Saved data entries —
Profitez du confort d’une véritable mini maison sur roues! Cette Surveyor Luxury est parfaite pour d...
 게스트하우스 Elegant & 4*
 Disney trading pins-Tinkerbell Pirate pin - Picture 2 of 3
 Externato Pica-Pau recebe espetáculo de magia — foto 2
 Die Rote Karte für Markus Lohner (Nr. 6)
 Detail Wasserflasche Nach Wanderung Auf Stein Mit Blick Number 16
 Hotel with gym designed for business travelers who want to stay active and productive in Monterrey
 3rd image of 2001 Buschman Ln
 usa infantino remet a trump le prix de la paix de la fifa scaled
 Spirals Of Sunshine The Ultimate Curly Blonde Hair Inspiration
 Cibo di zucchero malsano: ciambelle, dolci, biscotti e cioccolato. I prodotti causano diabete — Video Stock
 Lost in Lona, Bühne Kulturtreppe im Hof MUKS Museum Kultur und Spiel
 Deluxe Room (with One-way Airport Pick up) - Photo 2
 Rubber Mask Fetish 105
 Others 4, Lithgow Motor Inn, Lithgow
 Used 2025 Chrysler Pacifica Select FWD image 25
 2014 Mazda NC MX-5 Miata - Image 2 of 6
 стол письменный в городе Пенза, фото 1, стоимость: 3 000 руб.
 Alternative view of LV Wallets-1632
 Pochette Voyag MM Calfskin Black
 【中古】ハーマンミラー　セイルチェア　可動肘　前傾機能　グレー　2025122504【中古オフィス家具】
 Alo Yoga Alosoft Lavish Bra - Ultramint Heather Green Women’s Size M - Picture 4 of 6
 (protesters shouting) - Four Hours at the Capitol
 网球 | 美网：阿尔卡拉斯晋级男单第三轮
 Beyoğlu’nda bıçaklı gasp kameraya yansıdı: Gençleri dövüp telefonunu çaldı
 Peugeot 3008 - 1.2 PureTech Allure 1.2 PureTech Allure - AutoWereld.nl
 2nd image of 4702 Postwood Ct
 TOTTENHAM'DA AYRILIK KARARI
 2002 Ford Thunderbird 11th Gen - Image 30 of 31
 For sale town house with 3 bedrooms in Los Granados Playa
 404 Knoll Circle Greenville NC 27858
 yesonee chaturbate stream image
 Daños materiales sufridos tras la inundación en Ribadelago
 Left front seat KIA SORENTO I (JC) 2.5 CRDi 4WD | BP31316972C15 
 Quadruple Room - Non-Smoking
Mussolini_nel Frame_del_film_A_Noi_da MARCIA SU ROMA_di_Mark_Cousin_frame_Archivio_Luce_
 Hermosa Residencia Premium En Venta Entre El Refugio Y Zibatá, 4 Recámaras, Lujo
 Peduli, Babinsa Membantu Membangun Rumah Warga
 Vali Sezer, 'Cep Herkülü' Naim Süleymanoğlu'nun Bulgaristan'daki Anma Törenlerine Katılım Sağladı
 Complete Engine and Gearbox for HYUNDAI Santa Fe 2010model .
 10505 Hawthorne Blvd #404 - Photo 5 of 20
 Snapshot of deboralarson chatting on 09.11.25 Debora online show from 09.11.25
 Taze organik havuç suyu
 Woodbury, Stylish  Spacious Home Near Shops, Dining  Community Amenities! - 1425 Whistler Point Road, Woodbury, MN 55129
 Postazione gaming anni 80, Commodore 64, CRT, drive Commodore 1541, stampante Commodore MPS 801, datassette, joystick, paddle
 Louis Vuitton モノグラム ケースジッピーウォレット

TASK STATEMENT — Among the lines above, find those with the word "Picture" and list them.

WRITTEN ANSWER —
 Disney trading pins-Tinkerbell Pirate pin - Picture 2 of 3
 Alo Yoga Alosoft Lavish Bra - Ultramint Heather Green Women’s Size M - Picture 4 of 6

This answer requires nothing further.